For the first time, Pope Francis installs women in two ministries of the Church

On Sunday, Pope Francis installed women as well as men from around the world as catechists and readers, marking a break with what had been Church law reserving these ministries for men, even though women have held these positions in many parts of the Catholic world for decades without the official designation.

Francis conferred the ministries during a celebration in St. Peter’s Basilica on Sunday of the Word of God, which he instituted in 2019, to encourage in all Catholics an interest in knowing the Holy Scriptures and their central role in the life of the Church and the Christian faith.

The theme of this year’s celebration, which is marked globally, is “Blessed are those who hear the Word of God”, which comes from the Gospel of Saint Luke.

Previously, the two ministries were reserved only for men because they were considered preparatory to the reception of Holy Orders. While in most dioceses women already served as lectors and altar servers at Mass, they were not officially instituted in these services on a stable basis.

In a statement earlier this week, the Pontifical Council for Promoting the New Evangelization pointed out that “well-established practice in the Church … has confirmed that lay ministries, grounded in the sacrament of baptism, can be entrusted to all the faithful who are suitable, whether male or female, according to what is already implicitly indicated by canon 230 of the Code of Canon Law, which the Pope modified for the occasion”.

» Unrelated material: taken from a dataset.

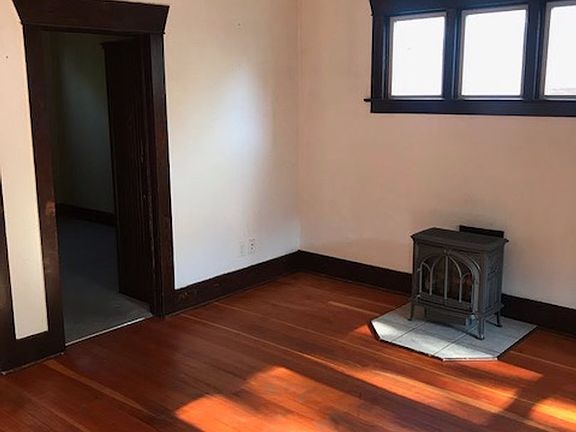 3rd image of 17 E Story St APT 3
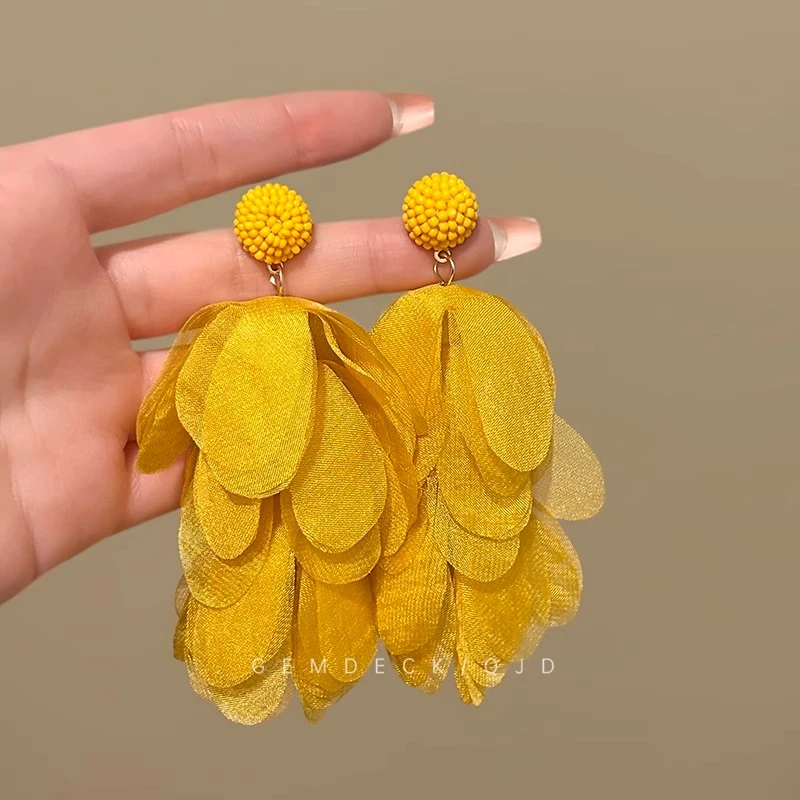 铜合金耳饰 海边度假氛围感黄色花朵耳环女流苏耳钉超仙夸张耳饰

Pope Francis officially instituted the ministry of catechesis in May 2021. This follows his decision in January to open

Victor Hidalgo Chungue (Credit: Courtesy of Hidalgo)

the ministries of reader and companion to women.

Victor Hidalgo Chungue is from the Amazon rainforest of Peru. He was in Rome this week in preparation for Sunday’s big event, as one of those who will receive the ministry of catechist from Pope Francis.

“I have been a catechist since I was 16,” he said. Node by telephone. “Until I was 19, I was an accompanying catechist. Since that time, I lead catechesis for the sacraments of Christian initiation – Baptism, Confirmation and Eucharist – and today he also trains other catechists.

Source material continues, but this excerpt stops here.